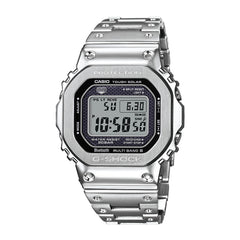 Men's Watch Casio G-Shock GMW-B5000D-1ER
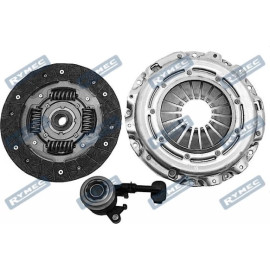 JT1857040 Kupplungssatz JT1857040 Kupplungssatz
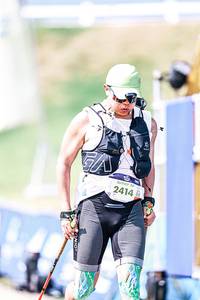 BIB: 
                            <button type="button" onclick="openModal(25900408)" class="btn btn-primary btn-sm float-right btn-popup" data-toggle="modal" data-target=".modal-high-quality">
                        <i class="fas fa-shopping-cart"></i> Add to Cart
                    </button>
                                            <button type="button" onclick="isThisMe(25900408, true)" class="btn btn-success btn-sm float-right btn-popup btn-isme hidden" data-toggle="tooltip" data-placement="bottom" title="นี่คือรูปของคุณใช่ไหม คลิกที่นี่เพื่อเอาเข้าอัลบั้ม">
                        <i class="fas fa-plus"></i> Add to album
                    </button>
                    <button type="button" onclick="isThisMe(25900408, false)" class="btn btn-warning btn-sm float-right btn-popup btn-isnotme hidden">
                        <i class="fas fa-ban"></i> Remove from album
                    </button>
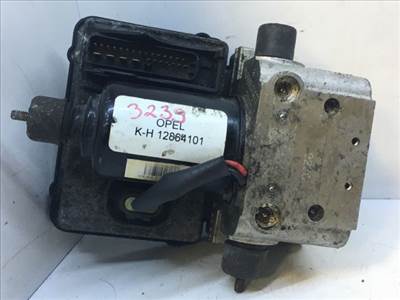 OPEL VECTRA B (36_) ABS Kocka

Your objective:
Give the listing again word for word, but drop every picture.

Response to the task:
 Men's Watch Casio G-Shock GMW-B5000D-1ER
 JT1857040 Kupplungssatz JT1857040 Kupplungssatz
 BIB: 
                            <button type="button" onclick="openModal(25900408)" class="btn btn-primary btn-sm float-right btn-popup" data-toggle="modal" data-target=".modal-high-quality">
                        <i class="fas fa-shopping-cart"></i> Add to Cart
                    </button>
                                            <button type="button" onclick="isThisMe(25900408, true)" class="btn btn-success btn-sm float-right btn-popup btn-isme hidden" data-toggle="tooltip" data-placement="bottom" title="นี่คือรูปของคุณใช่ไหม คลิกที่นี่เพื่อเอาเข้าอัลบั้ม">
                        <i class="fas fa-plus"></i> Add to album
                    </button>
                    <button type="button" onclick="isThisMe(25900408, false)" class="btn btn-warning btn-sm float-right btn-popup btn-isnotme hidden">
                        <i class="fas fa-ban"></i> Remove from album
                    </button>
 OPEL VECTRA B (36_) ABS Kocka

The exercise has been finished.